Sesal

Sesal

Sesal
Oleh : Siti Nuraliah

Yuni hanya bisa pasrah tatkala dokter memvonis suaminya tidak bisa sembuh. Hidupnya hanya tersisa beberapa bulan lagi. Sakit kanker yang sudah dua tahun lalu menggerogoti otaknya, kini menyisakan tulang yang hanya dibalut kulit keriput pada tubuhnya. Aku menyaksikan langsung bagaimana Yuni begitu frustrasi, tapi aku pun tidak bisa berbuat apa-apa, aku tidak bisa membantu. Sebab aku beberapa waktu ini hanya ditugaskan untuk menjenguk suaminya Yuni beberapa kali dalam sehari. Ia masih bernapas, dan belum waktunya tiba.

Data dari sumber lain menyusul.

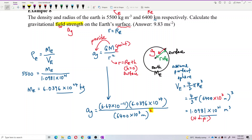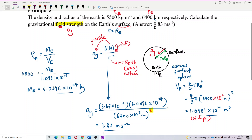Let's calculate. The answer for acceleration due to gravity is 9.83 m/s². That is the gravitational field strength on the Earth's surface. So that's how we do it — very simple.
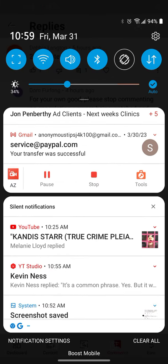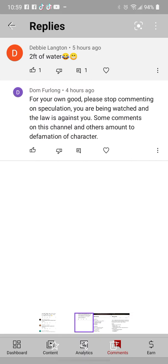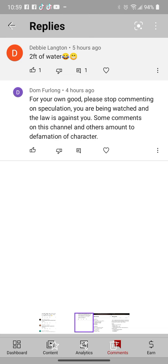Okay, so I got a few comments I'm going to address over the Nicola Bully case. I take these as threats, so let's break this down. Dom Furlong says, 'For your own good, please stop commenting on speculation. You are being watched and the law is against you. Some comments on this channel and others amount to defamation of character.'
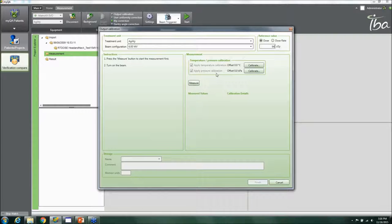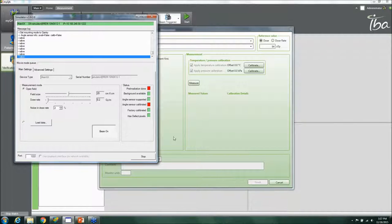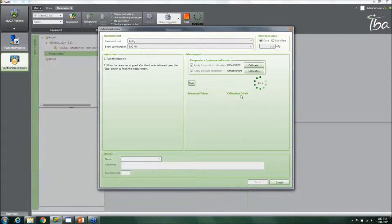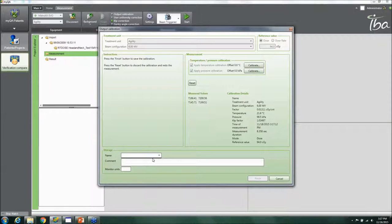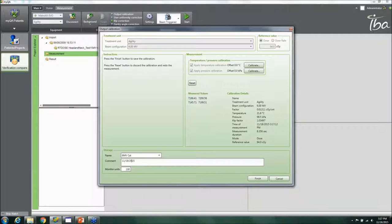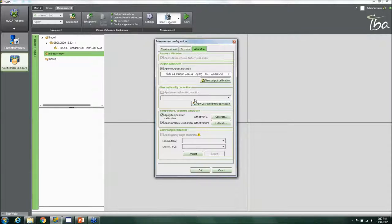You can apply a temperature calibration to the detector, then use the simulator to deliver beam. After delivering the monitor units, click Stop and give the calibration a name — for example, '6MV Cal' — enter the number of monitor units delivered, the known dose in cGy, and add a comment with today's date. Click Finish and the calibration is applied to your measurements.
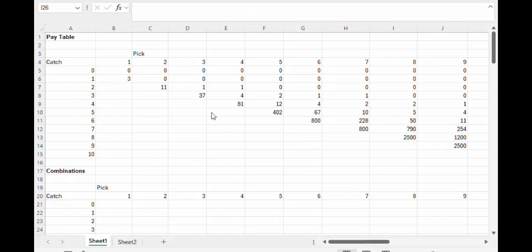Hi YouTube, this is Mike, also known as the Wizard of Odds, and in this video I'm going to be showing you how to calculate the odds in the game of Super Keno.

Yuni mencabut paksa perawatan suaminya di rumah sakit dan membawanya pulang. Ia merasa waktunya tidak lagi lama. Akan lebih pedih, jika suaminya meninggal dalam keadaan belum sempat bertemu anak-anaknya dan berkumpul seperti pada masa anak-anaknya masih bujang dan gadis. Yuni berikhtiar, semoga anak-anaknya mau menyempatkan pulang dan memberi waktu luang untuk ayahnya. Yuni pernah menonton film-film yang mengisahkan orang sakit, yang hidupnya hanya hitungan hari lagi itu mesti dibahagiakan di sisa hidupnya.

***

Di sebuah rumah mewah berlantai dua, seorang perempuan muda baru saja hendak memasuki mobil berpelat merah dengan tergesa-gesa. Suara sepatu berhak tinggi yang beradu dengan lantai marmer itu merupa bunyi-bunyian khas orang-orang berkelas. Handphone di dalam tasnya berbunyi beberapa kali. Ia baru akan menjawab nanti setelah berada di dalam mobil. Seorang lelaki berjas hitam membukakan pintu mobil untuknya.

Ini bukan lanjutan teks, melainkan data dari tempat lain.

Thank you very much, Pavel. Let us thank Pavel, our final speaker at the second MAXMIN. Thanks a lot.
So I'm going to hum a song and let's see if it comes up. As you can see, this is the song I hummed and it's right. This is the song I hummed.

“Sampai di kantor Bapak, kita tidak akan telat, kan, To?”

“Aman, Bu. Tenang saja.”

Lelaki berjas hitam yang bernama Parto itu melajukan mobil dengan perlahan, beberapa menit kemudian menarik gasnya membuat mobil yang dikemudikannya melaju dengan kencang. Handphone di dalam tas perempuan muda itu berdering kembali. Perempuan muda itu mengusap layarnya lalu menempelkan ke telinganya.

“Iya Bu, Ada apa?”

“Ayu lagi mau ke kantornya Mas Teguh, Bu. Ada rapat. Ini lagi di jalan, buru-buru.”

“Apa …?” suara perempuan muda itu sedikit berteriak, jalanan macet dan suara bising klakson membuatnya mesti menutup sebelah telinga dengan telunjuk.

“Kondisi Bapak memburuk?”

“Kenapa dibawa ke rumah? Biaya rumah sakit biar Ayu sama Kak Satria yang tanggung.”

“Belum bisa pulaaang, Mas Teguh lagi sibuk kampanye di sini.” Seperti tidak ada jawaban di ujung telepon sana. Ayu, perempuan muda ini berdecak sedikit kesal.  “Bu! Ya sudah, nanti Ayu telepon lagi, ya!”

Telepon ditutup, ia memasukkan kembali layar berukuran 5 inci itu ke dalam tasnya. Dan menghempaskan tubuh di sandaran jok mobilnya yang empuk.

Sementara itu, Yuni matanya berkaca-kaca. Ia hendak menelepon satu lagi anaknya. Namun, lagi-lagi aku mendengar pembicaraan ibu dan anak cikalnya itu. Raut wajah kecewa tergambar jelas di wajah Yuni, dari obrolannya aku mendengar Satria sibuk mengurusi pabriknya yang hampir bangkrut dan kalah saing. Aku memperhatikannya dari jarak dua meter. Aku mengusap wajah suaminya yang kian tirus. Mulutnya hendak terbuka seperti ingin mengucapkan sesuatu. Lidahnya sudah sulit untuk merangkai kalimat. Jari-jari tangan dan kakinya mulai dingin. Yuni menyadari suaminya yang mangap-mangap ingin bicara.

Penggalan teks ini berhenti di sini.